I gave her a brief synopsis of the course of events leading
to the current situation, she saw the truth in my eyes, we
were both being moved by the spirit of our feelings for one
another, I told her that we’d talk in depth soon; that one
day we’d do lunch together and discuss everything pertinent
to us. I told her about not choosing to relate to women
that I work with and why, how I’d decided to change my mind
by inviting her to dine with me. The problem I have,
there’s chemistry between us, my body betrays me when I
think of/see or am near her and I don’t want to use her in
that fashion. It would be another matter entirely, if she
wanted me too, I know all that’s involved during intimacy
with a woman; even if she doesn’t know. A woman doesn’t
open her body to a man without opening her heart, I’m not
sure I’m willing to give my heart to Lisa, the differences
between us seem not to lend themselves to a melding. All
things being considered, I’m glad we’re on our way back to
where we were before the dickhead’s interference.
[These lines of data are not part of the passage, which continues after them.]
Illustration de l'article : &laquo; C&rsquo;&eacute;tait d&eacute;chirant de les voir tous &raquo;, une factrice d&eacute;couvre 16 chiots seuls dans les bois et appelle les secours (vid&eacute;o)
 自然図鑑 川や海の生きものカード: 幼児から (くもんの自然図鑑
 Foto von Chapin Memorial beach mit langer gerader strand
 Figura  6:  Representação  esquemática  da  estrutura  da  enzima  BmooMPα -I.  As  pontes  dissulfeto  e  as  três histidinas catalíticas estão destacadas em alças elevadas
Going to be at the church in the morning, 9am, for the pre-
Valentine’s Day Brunch; I called Cheetah to confirm her
appearance. She’s expecting to be there @ 9 also, depending
on how well Mouse wakes and gets out of bed. I won’t be
going to church on Sunday, really don’t want to spend three
hours listening to the Pastor when I could be sleeping,
we’ll see; there’s also the gas concern. 24miles roundtrip,
two days in a row, is half my allotment of gas for the
week; I’ll commune with God from here. I’ll be doing the
parenting class on Monday, another 24miles, I’m committed
for the 8 weeks; I’m going to have to give up church for
financial reasons. If I decide to attend services
regularly, it’ll have to be a church closer to my apartment.
Still haven’t heard from Donny, I better call Donna
tomorrow, make sure everything is ok. I meant to call JW,
I’ll do that after the brunch, I’m helping Charles get his
things from Eva’s tomorrow and Jason’s supposed to come by.
Haven’t heard from Patty, I told her that I wouldn’t be
calling her numbers, I meant that; when she frees herself
from her current situation things will change.